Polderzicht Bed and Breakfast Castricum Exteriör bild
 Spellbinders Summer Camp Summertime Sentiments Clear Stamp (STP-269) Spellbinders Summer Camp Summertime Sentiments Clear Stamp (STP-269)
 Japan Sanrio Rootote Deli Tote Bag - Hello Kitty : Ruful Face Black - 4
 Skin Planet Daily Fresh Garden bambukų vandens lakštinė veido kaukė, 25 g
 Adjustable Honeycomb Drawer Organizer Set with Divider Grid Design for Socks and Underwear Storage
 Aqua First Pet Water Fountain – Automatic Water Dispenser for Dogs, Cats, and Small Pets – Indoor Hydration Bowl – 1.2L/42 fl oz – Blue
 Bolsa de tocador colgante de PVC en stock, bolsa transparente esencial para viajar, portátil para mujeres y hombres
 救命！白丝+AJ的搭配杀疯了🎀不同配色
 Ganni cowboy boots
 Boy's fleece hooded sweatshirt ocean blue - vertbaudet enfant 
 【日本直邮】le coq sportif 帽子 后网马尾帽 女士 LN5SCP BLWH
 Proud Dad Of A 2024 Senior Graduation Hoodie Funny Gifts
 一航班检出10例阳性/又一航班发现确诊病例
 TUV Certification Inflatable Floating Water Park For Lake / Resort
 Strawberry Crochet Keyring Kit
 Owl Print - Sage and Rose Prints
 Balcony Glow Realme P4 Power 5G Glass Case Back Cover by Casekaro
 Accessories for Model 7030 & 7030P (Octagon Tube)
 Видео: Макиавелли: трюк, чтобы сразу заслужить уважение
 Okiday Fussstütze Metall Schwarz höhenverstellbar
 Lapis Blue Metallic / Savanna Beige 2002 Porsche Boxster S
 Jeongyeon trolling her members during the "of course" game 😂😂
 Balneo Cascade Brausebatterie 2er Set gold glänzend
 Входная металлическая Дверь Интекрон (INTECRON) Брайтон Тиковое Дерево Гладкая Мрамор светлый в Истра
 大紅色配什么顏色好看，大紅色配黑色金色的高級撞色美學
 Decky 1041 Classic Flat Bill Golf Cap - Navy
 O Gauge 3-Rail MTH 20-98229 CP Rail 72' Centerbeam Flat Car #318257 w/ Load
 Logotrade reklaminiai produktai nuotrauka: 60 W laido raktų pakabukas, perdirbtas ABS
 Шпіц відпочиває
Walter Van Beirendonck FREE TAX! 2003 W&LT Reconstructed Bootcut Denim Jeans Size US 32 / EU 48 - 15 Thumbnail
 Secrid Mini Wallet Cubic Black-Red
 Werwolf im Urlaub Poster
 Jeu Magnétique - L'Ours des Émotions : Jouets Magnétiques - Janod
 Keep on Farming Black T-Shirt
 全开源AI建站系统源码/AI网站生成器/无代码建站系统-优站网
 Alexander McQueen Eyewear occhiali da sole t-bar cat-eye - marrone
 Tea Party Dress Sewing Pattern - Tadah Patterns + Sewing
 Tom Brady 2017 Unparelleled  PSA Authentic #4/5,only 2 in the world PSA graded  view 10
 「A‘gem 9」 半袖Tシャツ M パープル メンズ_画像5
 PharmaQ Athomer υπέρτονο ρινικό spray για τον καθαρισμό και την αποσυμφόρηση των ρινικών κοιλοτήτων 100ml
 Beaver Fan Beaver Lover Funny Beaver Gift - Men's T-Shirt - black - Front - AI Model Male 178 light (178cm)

_ASSIGNMENT_
Only the lines from the start of the material through the line containing "Tea Party Dress" should be repeated, and they should be repeated exactly.

_OUTPUT OF THE EXERCISE_
Polderzicht Bed and Breakfast Castricum Exteriör bild
 Spellbinders Summer Camp Summertime Sentiments Clear Stamp (STP-269) Spellbinders Summer Camp Summertime Sentiments Clear Stamp (STP-269)
 Japan Sanrio Rootote Deli Tote Bag - Hello Kitty : Ruful Face Black - 4
 Skin Planet Daily Fresh Garden bambukų vandens lakštinė veido kaukė, 25 g
 Adjustable Honeycomb Drawer Organizer Set with Divider Grid Design for Socks and Underwear Storage
 Aqua First Pet Water Fountain – Automatic Water Dispenser for Dogs, Cats, and Small Pets – Indoor Hydration Bowl – 1.2L/42 fl oz – Blue
 Bolsa de tocador colgante de PVC en stock, bolsa transparente esencial para viajar, portátil para mujeres y hombres
 救命！白丝+AJ的搭配杀疯了🎀不同配色
 Ganni cowboy boots
 Boy's fleece hooded sweatshirt ocean blue - vertbaudet enfant 
 【日本直邮】le coq sportif 帽子 后网马尾帽 女士 LN5SCP BLWH
 Proud Dad Of A 2024 Senior Graduation Hoodie Funny Gifts
 一航班检出10例阳性/又一航班发现确诊病例
 TUV Certification Inflatable Floating Water Park For Lake / Resort
 Strawberry Crochet Keyring Kit
 Owl Print - Sage and Rose Prints
 Balcony Glow Realme P4 Power 5G Glass Case Back Cover by Casekaro
 Accessories for Model 7030 & 7030P (Octagon Tube)
 Видео: Макиавелли: трюк, чтобы сразу заслужить уважение
 Okiday Fussstütze Metall Schwarz höhenverstellbar
 Lapis Blue Metallic / Savanna Beige 2002 Porsche Boxster S
 Jeongyeon trolling her members during the "of course" game 😂😂
 Balneo Cascade Brausebatterie 2er Set gold glänzend
 Входная металлическая Дверь Интекрон (INTECRON) Брайтон Тиковое Дерево Гладкая Мрамор светлый в Истра
 大紅色配什么顏色好看，大紅色配黑色金色的高級撞色美學
 Decky 1041 Classic Flat Bill Golf Cap - Navy
 O Gauge 3-Rail MTH 20-98229 CP Rail 72' Centerbeam Flat Car #318257 w/ Load
 Logotrade reklaminiai produktai nuotrauka: 60 W laido raktų pakabukas, perdirbtas ABS
 Шпіц відпочиває
Walter Van Beirendonck FREE TAX! 2003 W&LT Reconstructed Bootcut Denim Jeans Size US 32 / EU 48 - 15 Thumbnail
 Secrid Mini Wallet Cubic Black-Red
 Werwolf im Urlaub Poster
 Jeu Magnétique - L'Ours des Émotions : Jouets Magnétiques - Janod
 Keep on Farming Black T-Shirt
 全开源AI建站系统源码/AI网站生成器/无代码建站系统-优站网
 Alexander McQueen Eyewear occhiali da sole t-bar cat-eye - marrone
 Tea Party Dress Sewing Pattern - Tadah Patterns + Sewing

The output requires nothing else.